◆ **THE PROBLEM**
What you should give back is every line from the one containing "Produktbild: Kleine Freunde" through the last line of the records below, word for word and without pictures.
= Beginning of Section =
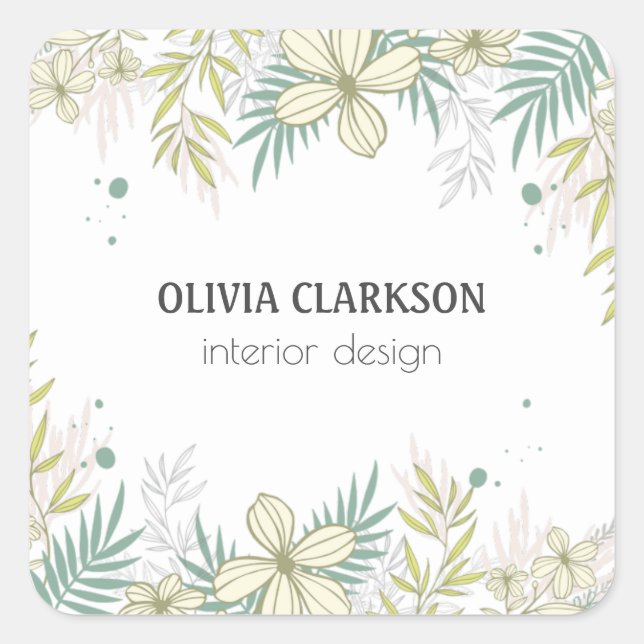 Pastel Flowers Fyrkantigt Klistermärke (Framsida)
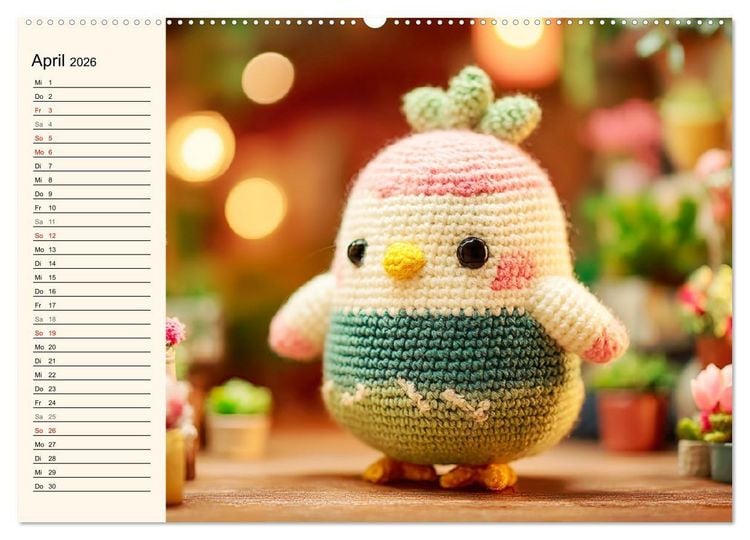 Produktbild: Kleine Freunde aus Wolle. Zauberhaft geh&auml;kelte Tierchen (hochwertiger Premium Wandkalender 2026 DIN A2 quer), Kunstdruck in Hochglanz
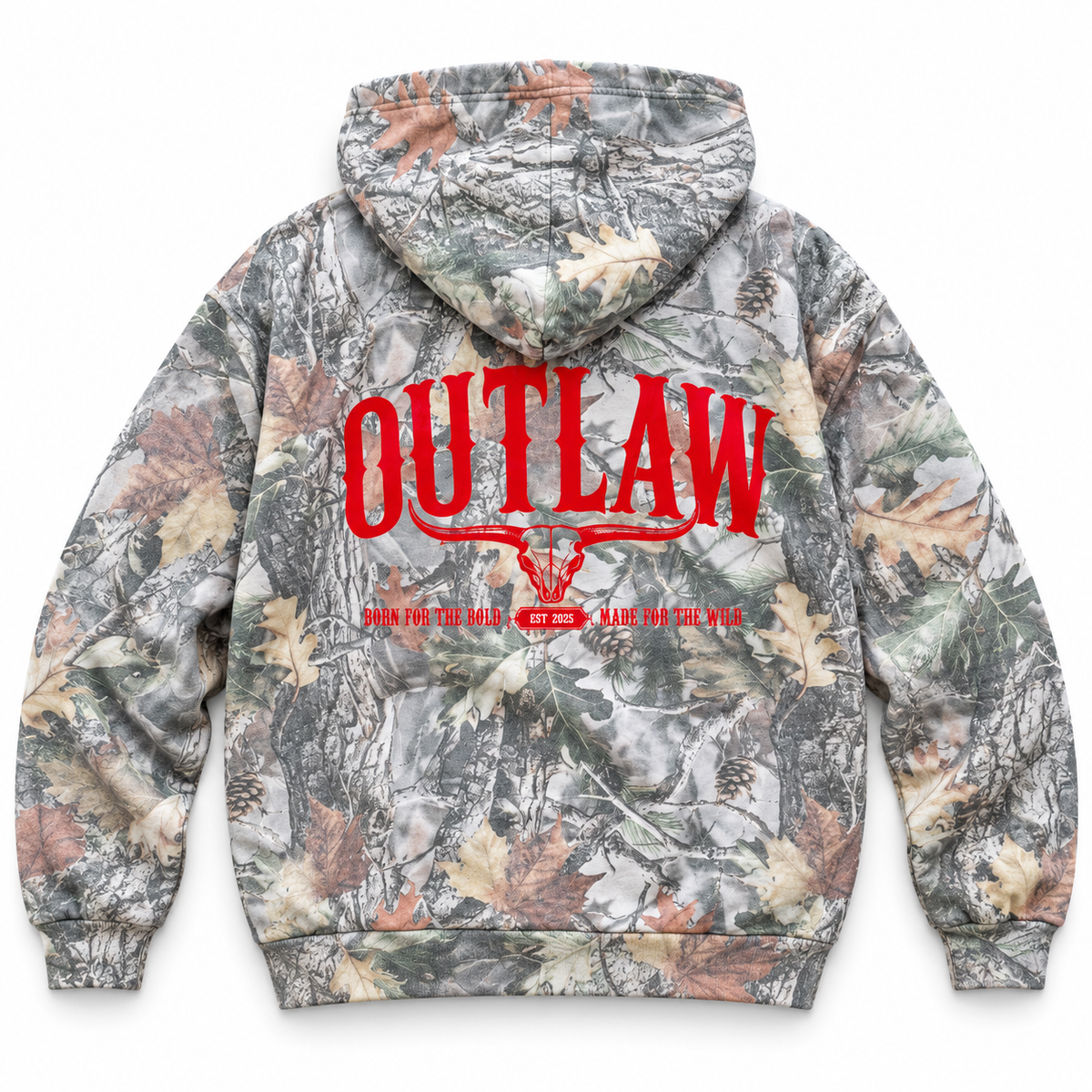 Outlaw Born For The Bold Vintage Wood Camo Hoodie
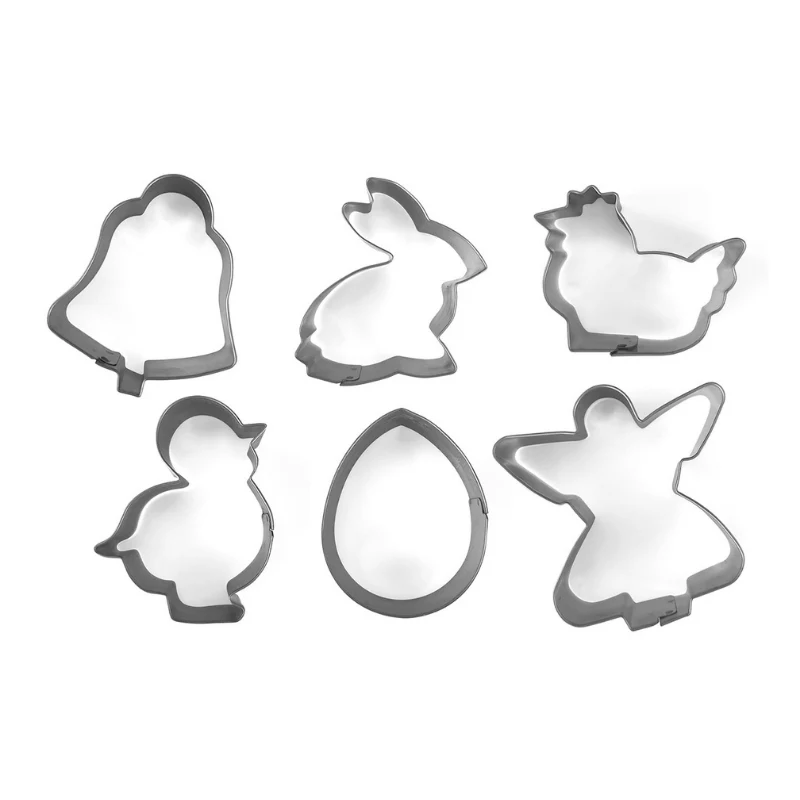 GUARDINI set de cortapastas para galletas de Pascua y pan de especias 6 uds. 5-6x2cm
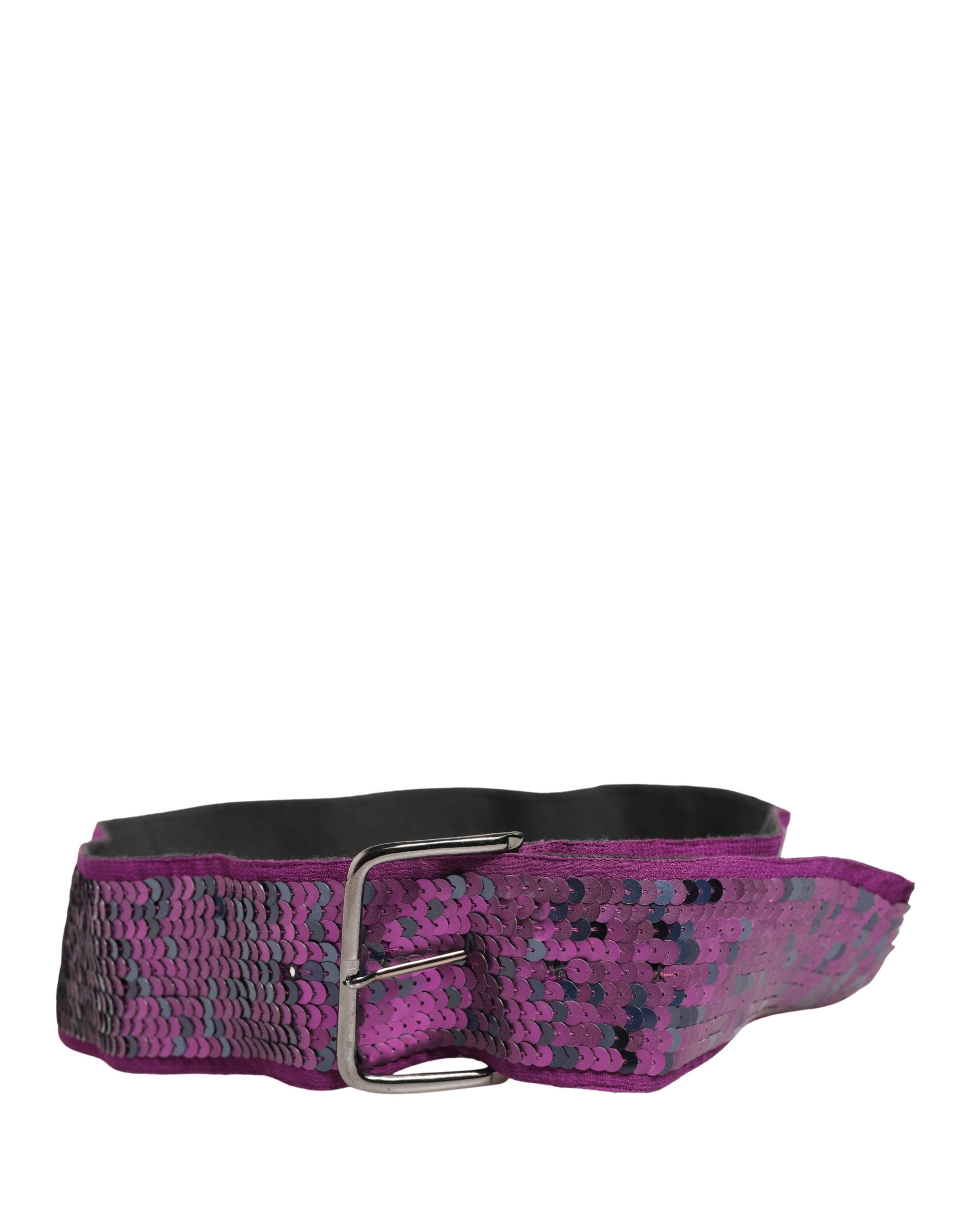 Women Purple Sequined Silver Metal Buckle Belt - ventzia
= End of Section =
◆ **EXERCISE RESPONSE**
 Produktbild: Kleine Freunde aus Wolle. Zauberhaft geh&auml;kelte Tierchen (hochwertiger Premium Wandkalender 2026 DIN A2 quer), Kunstdruck in Hochglanz
 Outlaw Born For The Bold Vintage Wood Camo Hoodie
 GUARDINI set de cortapastas para galletas de Pascua y pan de especias 6 uds. 5-6x2cm
 Women Purple Sequined Silver Metal Buckle Belt - ventzia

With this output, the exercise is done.